## Task to carry out
Report the number of lines in the records below that hold "Indoor", and leave out everything else.
(Beginning of Data provided)
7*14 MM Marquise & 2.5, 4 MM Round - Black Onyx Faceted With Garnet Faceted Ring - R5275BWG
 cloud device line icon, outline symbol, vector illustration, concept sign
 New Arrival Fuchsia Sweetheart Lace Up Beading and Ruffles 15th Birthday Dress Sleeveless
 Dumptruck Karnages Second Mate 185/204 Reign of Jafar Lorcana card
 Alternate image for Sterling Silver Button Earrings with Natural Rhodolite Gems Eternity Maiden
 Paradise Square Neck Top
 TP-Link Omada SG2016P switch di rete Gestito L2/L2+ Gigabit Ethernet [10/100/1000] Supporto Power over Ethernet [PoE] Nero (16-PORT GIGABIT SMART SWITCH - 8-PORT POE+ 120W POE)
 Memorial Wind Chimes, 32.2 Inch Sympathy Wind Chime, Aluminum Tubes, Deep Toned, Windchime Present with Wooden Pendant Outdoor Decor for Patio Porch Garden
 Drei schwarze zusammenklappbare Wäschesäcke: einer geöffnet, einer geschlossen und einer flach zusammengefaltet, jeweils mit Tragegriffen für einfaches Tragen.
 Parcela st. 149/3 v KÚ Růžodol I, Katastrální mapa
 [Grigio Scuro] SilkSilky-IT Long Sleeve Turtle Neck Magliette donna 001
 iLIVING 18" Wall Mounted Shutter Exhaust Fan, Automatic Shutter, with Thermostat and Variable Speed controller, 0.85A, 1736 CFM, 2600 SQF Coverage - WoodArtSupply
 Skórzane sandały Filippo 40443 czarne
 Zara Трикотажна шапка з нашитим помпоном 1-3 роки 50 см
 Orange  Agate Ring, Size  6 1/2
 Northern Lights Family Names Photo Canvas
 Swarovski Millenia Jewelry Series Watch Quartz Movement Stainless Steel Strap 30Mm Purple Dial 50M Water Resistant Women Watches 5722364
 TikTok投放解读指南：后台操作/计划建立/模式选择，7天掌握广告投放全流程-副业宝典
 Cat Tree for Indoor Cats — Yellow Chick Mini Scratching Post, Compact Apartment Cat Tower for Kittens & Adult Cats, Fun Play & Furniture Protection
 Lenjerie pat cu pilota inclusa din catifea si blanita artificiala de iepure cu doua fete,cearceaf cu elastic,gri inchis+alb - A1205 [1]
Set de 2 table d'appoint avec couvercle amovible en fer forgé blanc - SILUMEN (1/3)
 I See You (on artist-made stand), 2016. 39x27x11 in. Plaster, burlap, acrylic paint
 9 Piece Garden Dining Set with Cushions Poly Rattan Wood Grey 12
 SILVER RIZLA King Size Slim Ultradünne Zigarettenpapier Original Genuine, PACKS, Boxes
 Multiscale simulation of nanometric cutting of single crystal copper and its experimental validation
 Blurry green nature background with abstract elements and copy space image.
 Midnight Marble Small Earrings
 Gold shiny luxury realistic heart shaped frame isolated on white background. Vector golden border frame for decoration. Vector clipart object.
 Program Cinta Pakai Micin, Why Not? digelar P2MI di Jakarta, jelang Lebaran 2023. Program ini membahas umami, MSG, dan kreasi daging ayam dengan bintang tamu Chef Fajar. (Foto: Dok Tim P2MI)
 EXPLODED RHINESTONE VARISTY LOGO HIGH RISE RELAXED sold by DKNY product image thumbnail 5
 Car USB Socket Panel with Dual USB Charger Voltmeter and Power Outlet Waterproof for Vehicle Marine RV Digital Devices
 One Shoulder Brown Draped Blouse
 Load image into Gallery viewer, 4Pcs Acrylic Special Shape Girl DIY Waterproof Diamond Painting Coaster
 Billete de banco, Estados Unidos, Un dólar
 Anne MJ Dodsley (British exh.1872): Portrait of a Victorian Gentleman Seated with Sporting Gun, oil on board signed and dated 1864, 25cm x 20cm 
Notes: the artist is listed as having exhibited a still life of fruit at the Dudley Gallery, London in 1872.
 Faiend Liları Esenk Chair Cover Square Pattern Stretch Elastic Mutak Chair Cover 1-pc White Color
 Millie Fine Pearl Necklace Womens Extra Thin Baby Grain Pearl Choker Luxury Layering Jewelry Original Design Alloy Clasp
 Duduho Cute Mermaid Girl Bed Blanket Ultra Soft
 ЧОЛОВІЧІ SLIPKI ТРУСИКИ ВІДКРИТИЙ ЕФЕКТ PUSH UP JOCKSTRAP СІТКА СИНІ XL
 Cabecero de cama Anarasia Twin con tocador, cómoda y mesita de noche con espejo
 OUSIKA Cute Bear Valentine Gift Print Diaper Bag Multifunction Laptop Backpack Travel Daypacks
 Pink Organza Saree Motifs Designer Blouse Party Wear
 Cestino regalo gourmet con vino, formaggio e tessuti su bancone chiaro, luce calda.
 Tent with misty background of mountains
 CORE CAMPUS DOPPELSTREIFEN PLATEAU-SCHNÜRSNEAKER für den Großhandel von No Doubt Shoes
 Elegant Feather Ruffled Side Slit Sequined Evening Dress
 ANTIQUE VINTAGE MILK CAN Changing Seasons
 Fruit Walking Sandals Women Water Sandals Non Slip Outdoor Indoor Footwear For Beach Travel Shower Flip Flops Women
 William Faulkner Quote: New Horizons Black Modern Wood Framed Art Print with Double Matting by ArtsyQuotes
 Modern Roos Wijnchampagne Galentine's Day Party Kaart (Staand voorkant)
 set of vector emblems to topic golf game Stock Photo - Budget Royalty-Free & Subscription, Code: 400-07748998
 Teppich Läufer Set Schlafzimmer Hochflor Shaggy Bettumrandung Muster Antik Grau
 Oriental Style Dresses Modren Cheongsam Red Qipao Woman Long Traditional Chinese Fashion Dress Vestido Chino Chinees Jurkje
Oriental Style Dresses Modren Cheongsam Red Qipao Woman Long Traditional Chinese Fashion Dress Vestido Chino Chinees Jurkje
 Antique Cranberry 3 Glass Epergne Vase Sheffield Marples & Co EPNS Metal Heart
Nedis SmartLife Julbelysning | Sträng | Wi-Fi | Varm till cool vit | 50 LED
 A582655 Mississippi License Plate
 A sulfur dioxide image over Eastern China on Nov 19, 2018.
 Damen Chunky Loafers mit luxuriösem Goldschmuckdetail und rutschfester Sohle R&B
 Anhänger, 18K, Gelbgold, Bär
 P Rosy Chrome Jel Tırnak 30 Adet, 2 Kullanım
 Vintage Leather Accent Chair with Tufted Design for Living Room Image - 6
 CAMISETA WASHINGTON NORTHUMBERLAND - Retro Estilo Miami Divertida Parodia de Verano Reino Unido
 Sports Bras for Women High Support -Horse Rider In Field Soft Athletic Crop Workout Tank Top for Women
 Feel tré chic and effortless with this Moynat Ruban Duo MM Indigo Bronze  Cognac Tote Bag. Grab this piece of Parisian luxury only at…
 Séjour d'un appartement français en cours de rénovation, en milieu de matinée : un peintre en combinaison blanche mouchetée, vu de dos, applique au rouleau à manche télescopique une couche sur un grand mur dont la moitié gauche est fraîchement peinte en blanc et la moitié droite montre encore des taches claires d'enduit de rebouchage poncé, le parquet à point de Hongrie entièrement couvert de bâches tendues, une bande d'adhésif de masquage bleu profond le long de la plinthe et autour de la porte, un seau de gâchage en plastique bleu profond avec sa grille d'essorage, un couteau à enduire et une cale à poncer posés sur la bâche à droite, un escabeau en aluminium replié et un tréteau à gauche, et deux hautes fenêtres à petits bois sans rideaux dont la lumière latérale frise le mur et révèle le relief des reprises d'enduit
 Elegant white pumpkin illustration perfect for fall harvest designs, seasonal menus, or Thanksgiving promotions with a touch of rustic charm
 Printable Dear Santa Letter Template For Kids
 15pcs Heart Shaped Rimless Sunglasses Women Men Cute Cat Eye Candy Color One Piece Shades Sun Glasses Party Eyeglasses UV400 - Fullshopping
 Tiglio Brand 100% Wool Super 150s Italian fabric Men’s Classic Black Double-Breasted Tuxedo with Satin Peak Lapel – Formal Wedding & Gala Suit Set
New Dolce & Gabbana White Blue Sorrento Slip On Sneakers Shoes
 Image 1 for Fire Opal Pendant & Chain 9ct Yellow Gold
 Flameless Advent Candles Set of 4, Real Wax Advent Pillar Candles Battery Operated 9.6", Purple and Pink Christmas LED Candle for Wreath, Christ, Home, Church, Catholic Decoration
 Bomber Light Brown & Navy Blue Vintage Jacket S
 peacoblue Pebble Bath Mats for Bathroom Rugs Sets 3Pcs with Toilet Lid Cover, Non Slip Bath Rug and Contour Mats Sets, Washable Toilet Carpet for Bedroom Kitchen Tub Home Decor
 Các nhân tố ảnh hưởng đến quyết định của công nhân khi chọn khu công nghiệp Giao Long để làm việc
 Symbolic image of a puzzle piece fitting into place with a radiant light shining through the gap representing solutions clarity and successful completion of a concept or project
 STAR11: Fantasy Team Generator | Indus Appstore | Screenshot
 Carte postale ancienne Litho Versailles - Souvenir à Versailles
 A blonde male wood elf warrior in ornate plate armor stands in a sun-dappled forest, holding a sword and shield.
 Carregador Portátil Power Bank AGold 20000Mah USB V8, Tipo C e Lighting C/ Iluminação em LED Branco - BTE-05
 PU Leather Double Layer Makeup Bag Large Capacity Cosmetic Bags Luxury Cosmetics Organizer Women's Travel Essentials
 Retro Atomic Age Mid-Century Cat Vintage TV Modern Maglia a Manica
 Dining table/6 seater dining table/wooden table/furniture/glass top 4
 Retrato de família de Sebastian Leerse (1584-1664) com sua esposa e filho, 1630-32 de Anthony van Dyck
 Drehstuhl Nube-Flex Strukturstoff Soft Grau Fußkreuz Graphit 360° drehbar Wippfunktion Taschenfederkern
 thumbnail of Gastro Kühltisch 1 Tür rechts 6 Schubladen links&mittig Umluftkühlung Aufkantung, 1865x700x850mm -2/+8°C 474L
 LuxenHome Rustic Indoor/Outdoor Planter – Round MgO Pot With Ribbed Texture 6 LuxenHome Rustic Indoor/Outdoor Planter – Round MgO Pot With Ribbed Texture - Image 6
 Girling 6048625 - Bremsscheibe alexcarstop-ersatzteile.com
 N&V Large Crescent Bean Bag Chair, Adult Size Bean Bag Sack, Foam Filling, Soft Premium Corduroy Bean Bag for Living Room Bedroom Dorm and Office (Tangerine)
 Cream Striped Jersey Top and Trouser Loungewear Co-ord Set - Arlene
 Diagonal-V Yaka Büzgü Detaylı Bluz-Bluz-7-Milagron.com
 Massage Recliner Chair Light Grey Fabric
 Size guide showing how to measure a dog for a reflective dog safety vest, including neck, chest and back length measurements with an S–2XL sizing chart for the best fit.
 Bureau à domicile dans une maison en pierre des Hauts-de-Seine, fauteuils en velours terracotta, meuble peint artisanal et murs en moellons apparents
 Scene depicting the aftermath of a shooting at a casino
(End of Data provided)
## Answer space
3